I have been using ggplot happily to produce column charts for our paper (soon coming out, Szkalisity & Vanharanta 2025, please consider citing it if you use the extension described below), when one day my supervisor came and asked: would it be possible to apply shading to the columns based on a variable?
My initial thought was: of course it must be possible, ggplot is amazing! The setup we were using had already had a color and we applied dodging on it, so the only thing we needed was a dodge and stack combination (dodge the colors and stack the shades).
Then I found on stackoverflow a related question with essentially negative answer: https://stackoverflow.com/questions/12715635/ggplot2-bar-plot-with-both-stack-and-dodge and the negative reply: https://stackoverflow.com/questions/12592041/plotting-a-stacked-bar-plot/12592235#12592235
A year later this has been still a freshly opened feature request in the github pages of ggplot: https://github.com/tidyverse/ggplot2/issues/6324
The need for stacking and dodging is not just a request for an exotic use-case, the lack of it is a possibility for error, as outlined below. This section was motivated from the following source: https://rpubs.com/Mentors_Ubiqum/geom_col_1
Take the following dataset which contains the fate of passengers of the famous ocean liner RMS Titanic.
library(tidyverse)
df = as_tibble(Titanic)
df
## # A tibble: 32 × 5
## Class Sex Age Survived n
## <chr> <chr> <chr> <chr> <dbl>
## 1 1st Male Child No 0
## 2 2nd Male Child No 0
## 3 3rd Male Child No 35
## 4 Crew Male Child No 0
## 5 1st Female Child No 0
## 6 2nd Female Child No 0
## 7 3rd Female Child No 17
## 8 Crew Female Child No 0
## 9 1st Male Adult No 118
## 10 2nd Male Adult No 154
## # ℹ 22 more rows
As you can see data frame contains the information stratified by travel class, sex, age-group (adult or child). The variable n says how many people fell into the given category
So let’s do a simple plotting of the number of people surviving and losing their lives:
df %>% ggplot() +
aes(x = Survived, y = n) + geom_col()
Great, these numbers match up nicely with my childhood memories on the number of survivors.
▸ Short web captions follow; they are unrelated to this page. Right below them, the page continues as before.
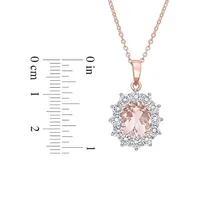 Rose Goldplated Sterling Silver, Simulated Morganite & Cubic Zirconia Floral Pendant Necklace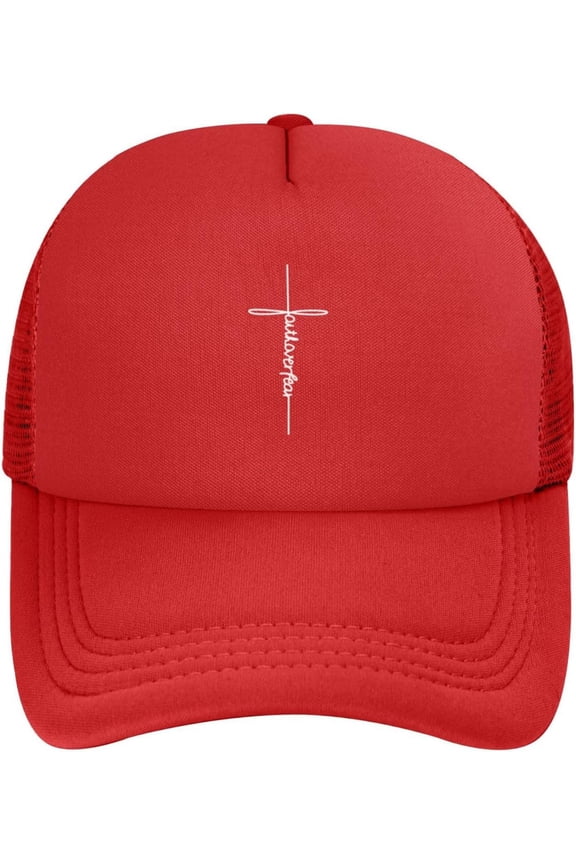 Faith Over Fear Bible Scripture Verse Christian Mesh Baseball Cap Adjustable Dad Hat Trucker Hat for Women Men,Black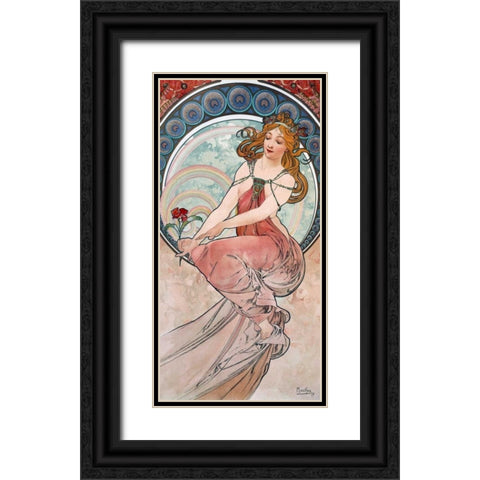La-peinture Black Ornate Wood Framed Art Print with Double Matting by Mucha, Alphonse
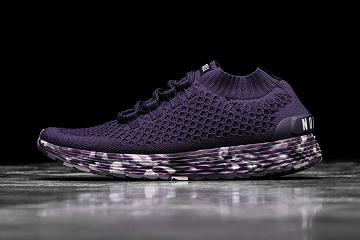 Men's Nobull Wild Wisteria Knit Running Shoes Dark / Purple | SG E2101B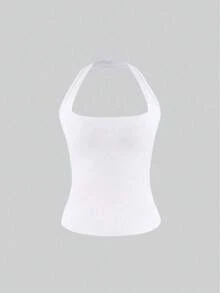 无袖吊带背心，露背设计，细肩带，深V领，修身短款，采用柔软弹力面料，纯白色，性感可爱的美式风格，适合约会、外出、朋友聚会和夏季休闲拍照。 - 白色 - 查看 5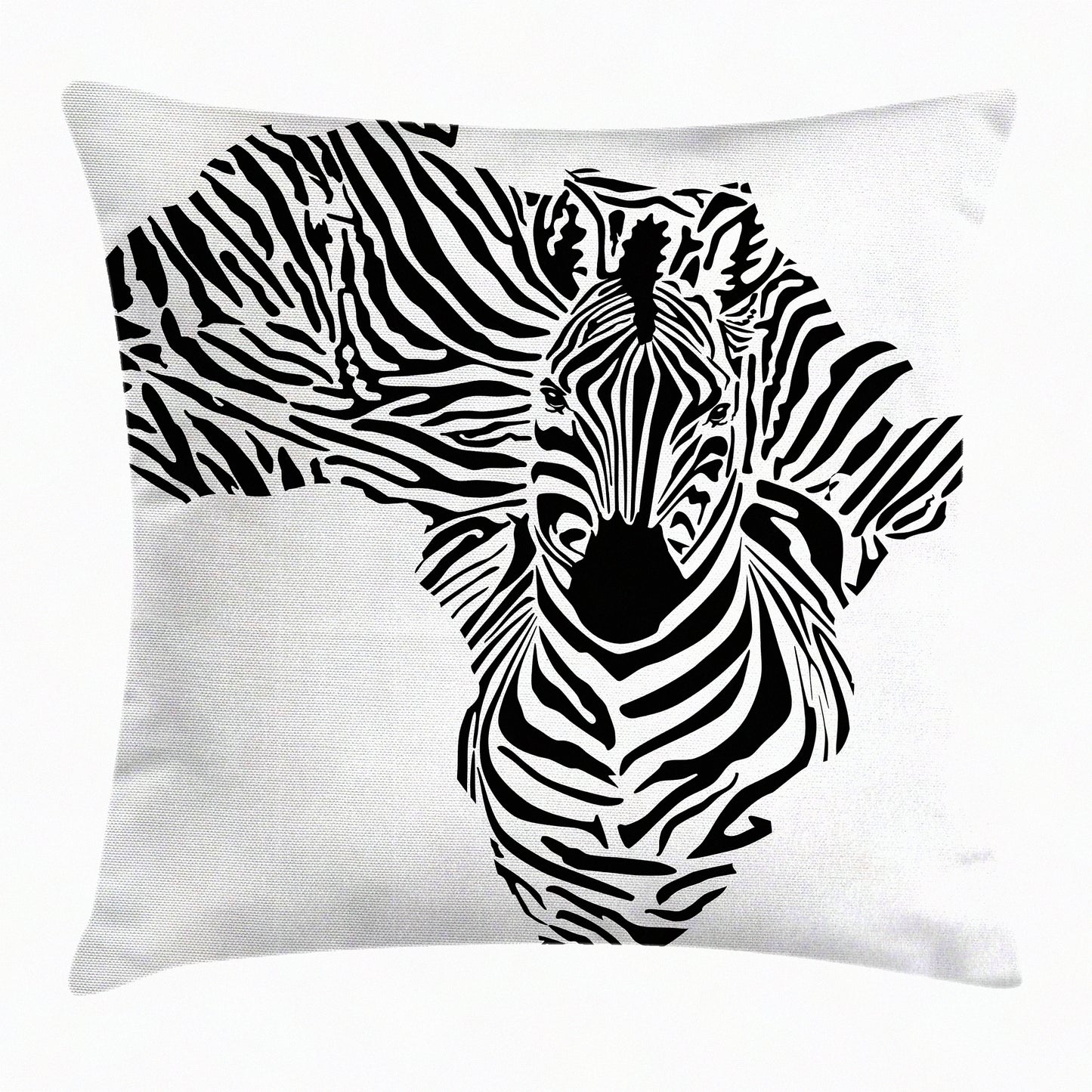 Savannah Monochrome Zebra Print Pillow Cover - Decorative Square Cushion Case with Camouflage Stripes Patterns - 20" X 20" Black White Accent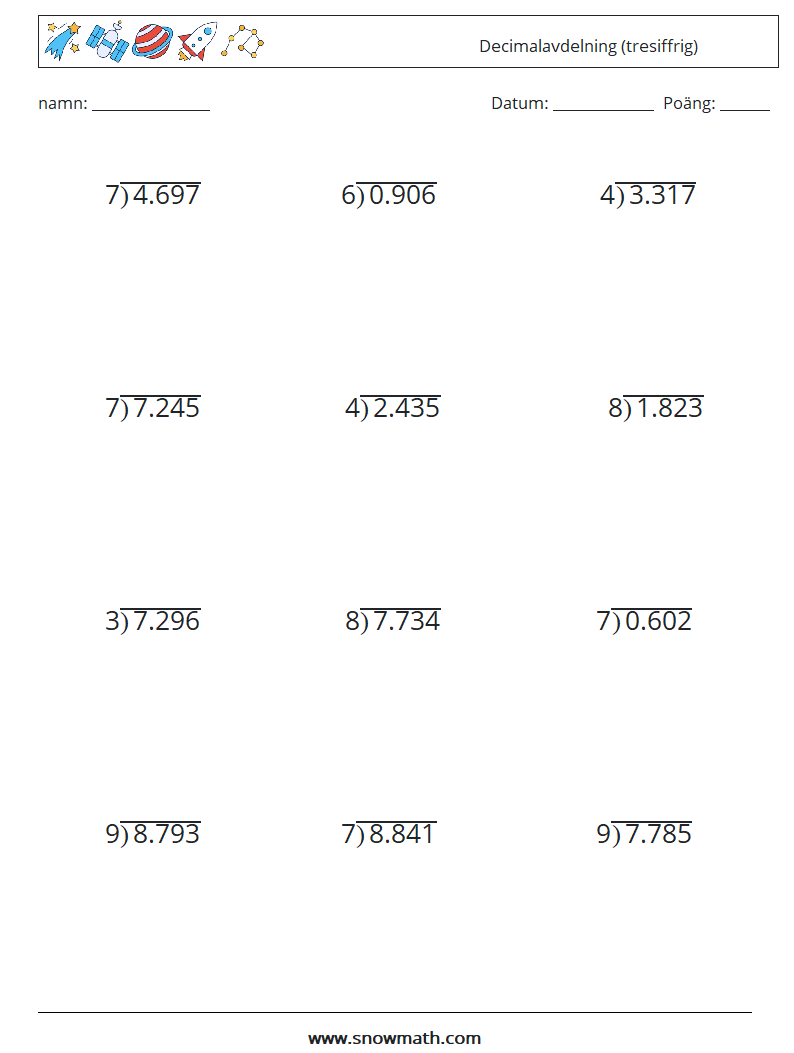 (12) Decimalavdelning (tresiffrig) Matematiska arbetsblad 5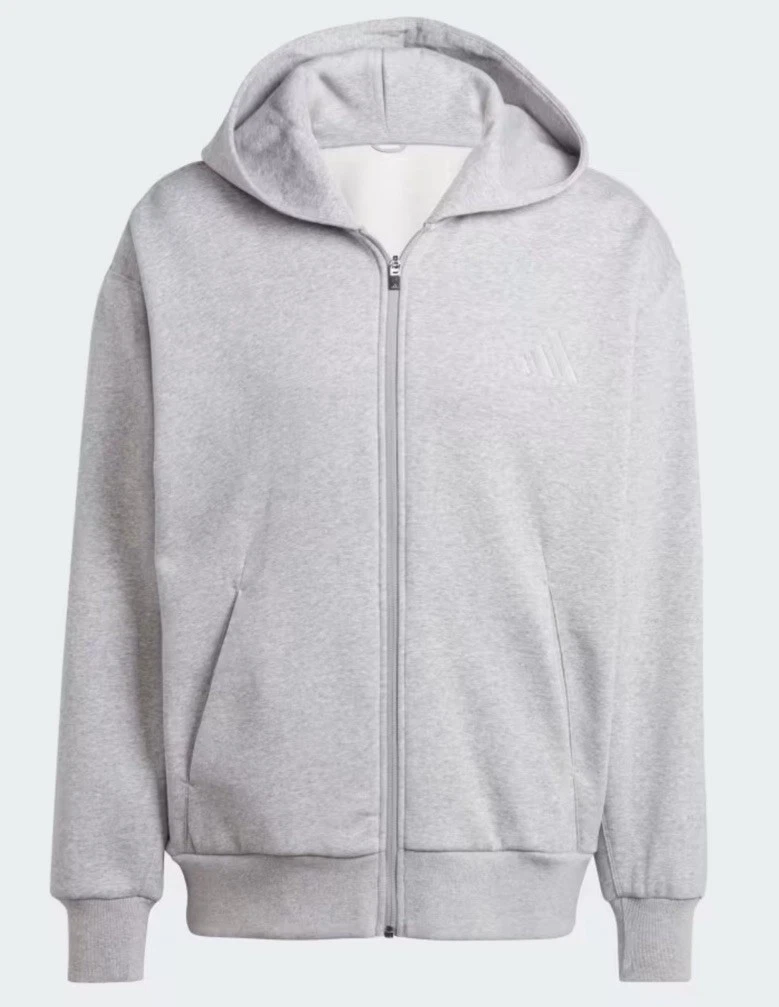 Adidas All Szn Fleece Loose Fit Full Zip Hoodie Grey Size Uk XS New With Tags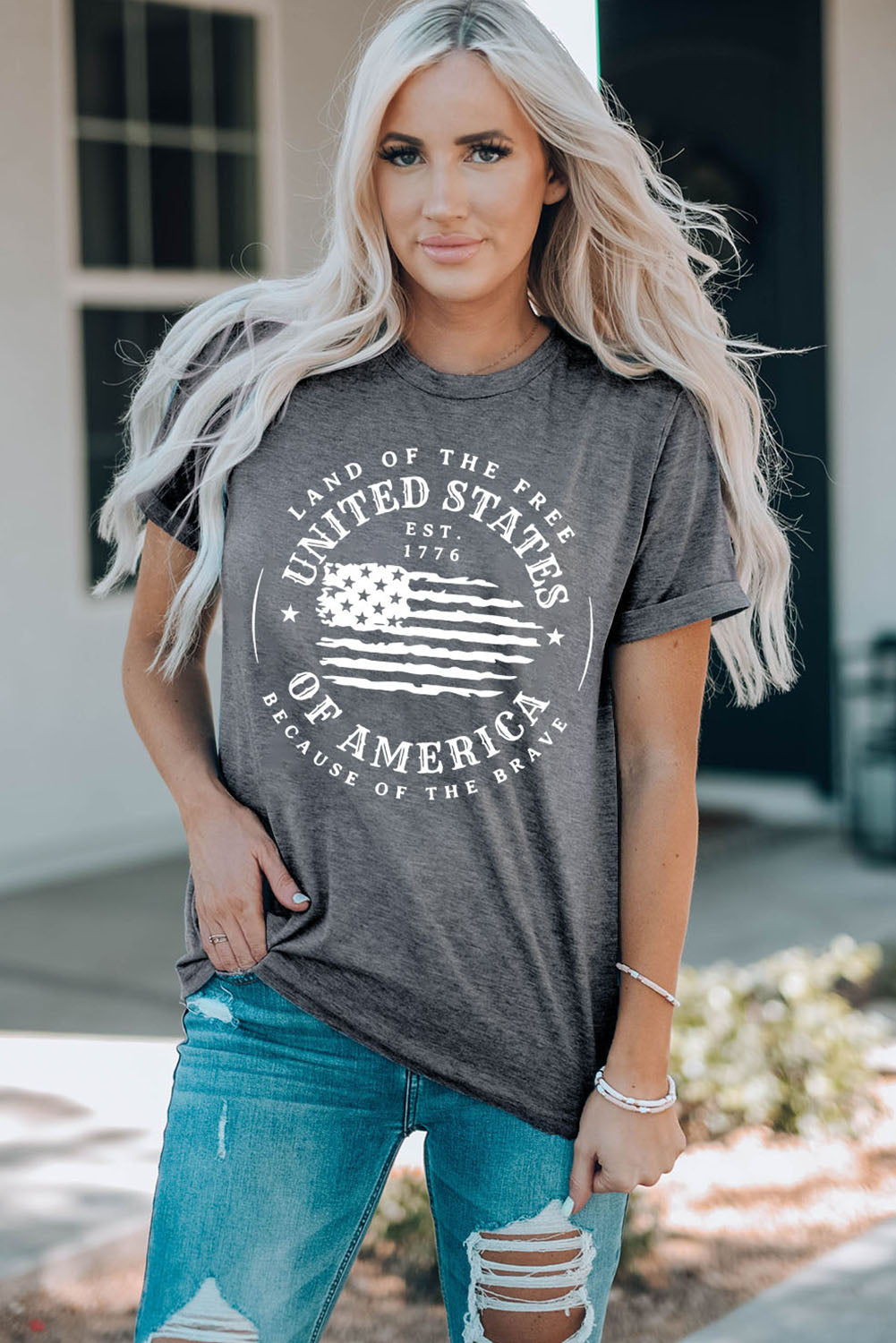 US Flag Graphic Short Sleeve Tee Sunset and Swim Mid Gray S 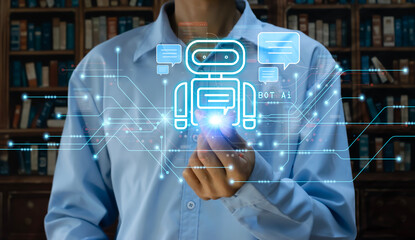 User concept using intelligent robot ai system. Chat with artificial intelligence. AI develops and creates future technology robots in the online world. Industry 5.0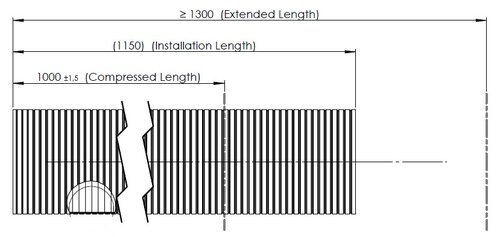 Flex Pipe, D2S+, OD/ID=118.9/115.5 L=1000, SS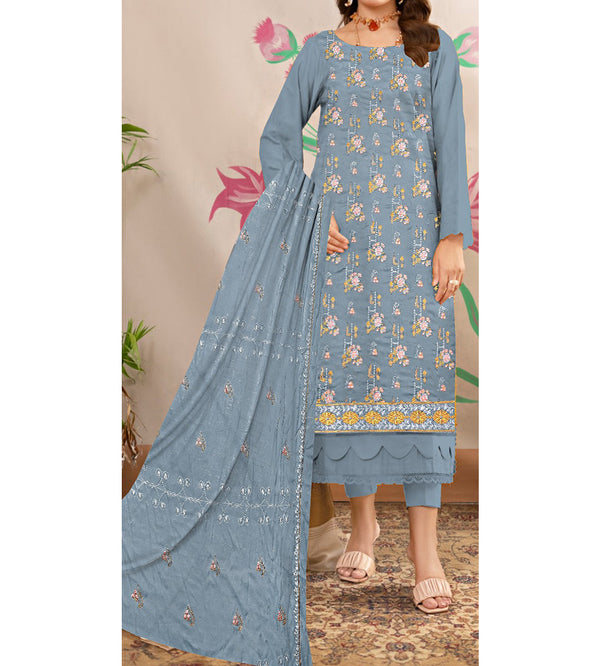 3PC- Unstitched Embroidered Lawn Suit US5248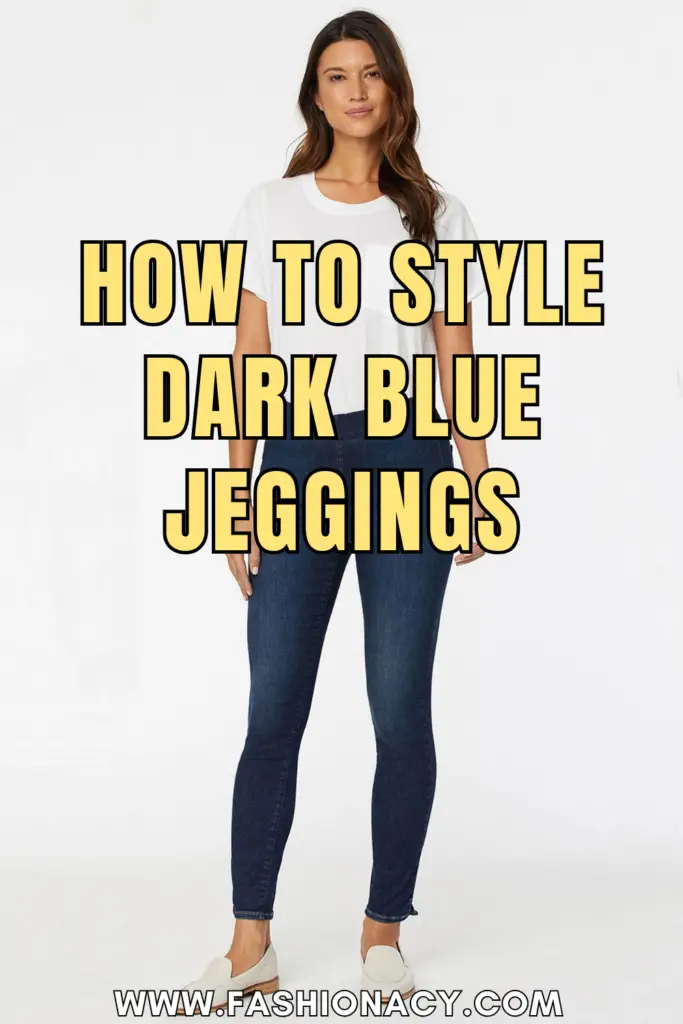 How to Style Dark Blue Jeggings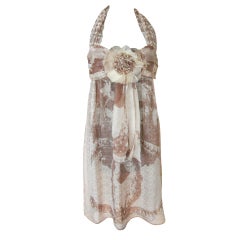 Chanel 10P Halter Dress Silk Heaps CC Lion Face 40 / 6 New 3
So let’s plot these now stratfieid by travel classses:
df %>% ggplot() +
aes(x = Survived, y = n, fill = Class) + geom_col()
So far nothing strange. But this visualization makes it hard to read e.g. the number of lost passengers on 3rd class. So it’d be natural to try displaying these next to one another. This functionality is called dodging in ggplot2.
df %>% ggplot() +
aes(x = Survived, y = n, fill = Class) + geom_col(position = position_dodge())
Nice and easy, right?
Well, as you probably guessed, no. There is a mistake here, not that easy to notice and one that is closely related with the need of dodging and stacking together. So let’s do a double-check: what should we see in the plot above. The number of dying and survivng passengers. So let’s calculate this with tidyverse:
df %>%
group_by(Class, Survived) %>%
summarize(sum(n)) %>%
arrange(Survived) # just for easier organization
## # A tibble: 8 × 3
## # Groups: Class [4]
## Class Survived `sum(n)`
## <chr> <chr> <dbl>
## 1 1st No 122
## 2 2nd No 167
## 3 3rd No 528
## 4 Crew No 673
## 5 1st Yes 203
## 6 2nd Yes 118
## 7 3rd Yes 178
## 8 Crew Yes 212
So there should be 528 people perishing on 3rd class. But on the plot above there is only below 400. Also there should be 203 people surviving on 1st class and yet the plot shows only a bit above 100.
The reason for this discrepancy is the form of the data, remember that the passengers were stratified for Sex and age-group too. So when we add opacity to the columns displayed above the truth is revealed:
df %>% ggplot() +
aes(x = Survived, y = n, fill = Class) +
geom_col(position = position_dodge(), color = "black", alpha = 0.5)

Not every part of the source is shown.